Operant conditioning is, “a type of learning in which the strength of a behavior is modified by its consequences, such as reward or punishment, and the behavior is controlled by antecedents called discriminative stimuli which come to signal those consequences.”
To break down operant conditioning, there is what’s called the operant conditioning quadrant. This quadrant is made up of: Positive Reinforcement, Negative Reinforcement, Positive Punishment, and Negative Punishment.
Now, as you can see, this quadrant is broken into two categories which is: reinforcement and punishment.
Reinforcement is used to INCREASE the behavior in a dog. Punishment is used to DECREASE a behavior in a dog.
Now, look at negative and positive like math! Negative, you are removing something or taking something away. Positive, you are adding something.
Let’s break down each one…
This is doing things such as marker training with your dog, he gives you a desired behavior (sit, down, heel, place, etc), you immediately give him a desirable reward such as a treat, a ball, a tug or praise. Again, positive, so you are ADDING a reward.
This is training such as prong collar or ecollar training. Negative reinforcement means something already present is removed (taken away) as a result of completing a behavior and the behavior that led to this removal will increase in the future because it created a favorable outcome. A good example would be the seat belt in your car, your car “dings” annoyingly until you put it on. So, you generally put it on quickly in order to avoid the nagging. Again, negative, so you are TAKING AWAY the nagging.

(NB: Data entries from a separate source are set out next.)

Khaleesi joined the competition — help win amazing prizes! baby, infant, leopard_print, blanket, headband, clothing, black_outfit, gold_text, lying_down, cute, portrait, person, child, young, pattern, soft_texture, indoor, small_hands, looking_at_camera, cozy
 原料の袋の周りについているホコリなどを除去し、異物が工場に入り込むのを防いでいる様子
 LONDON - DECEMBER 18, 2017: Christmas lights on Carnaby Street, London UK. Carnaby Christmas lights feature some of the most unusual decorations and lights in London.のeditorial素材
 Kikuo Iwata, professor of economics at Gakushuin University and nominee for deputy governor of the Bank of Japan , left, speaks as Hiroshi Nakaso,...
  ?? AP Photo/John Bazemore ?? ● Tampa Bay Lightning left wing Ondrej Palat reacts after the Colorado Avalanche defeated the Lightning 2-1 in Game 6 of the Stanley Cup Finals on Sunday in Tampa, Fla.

This involves presenting an undesirable outcome or event following an unwanted behavior. An example of positive punishment is if your dog jumps up on you, then you correct him with an ecollar or knee him off of you. You have given the dog an unwanted outcome following an unwanted action. An easy example of this, would be something as simple as a hot stove. If you touch a stove, immediately after, you get burned. So, this decreases the likelihood you will do it again. Again, positive, so you are ADDING something (adding an unwanted outcome).
This is when you REMOVE a highly desirable stimulus for your dog displaying an unwanted behavior. For example, if you are trying to get your dog to sit or down; however, he is not paying attention, so you take away his ball/tug. An easy example of this would be two siblings get into a fight over who gets the new toy, so the parents simply take the toy away from them. Again, “negative,” so you are REMOVING something (the toy).
A lot of balanced trainers use the entire quadrant in some form or another when training dogs.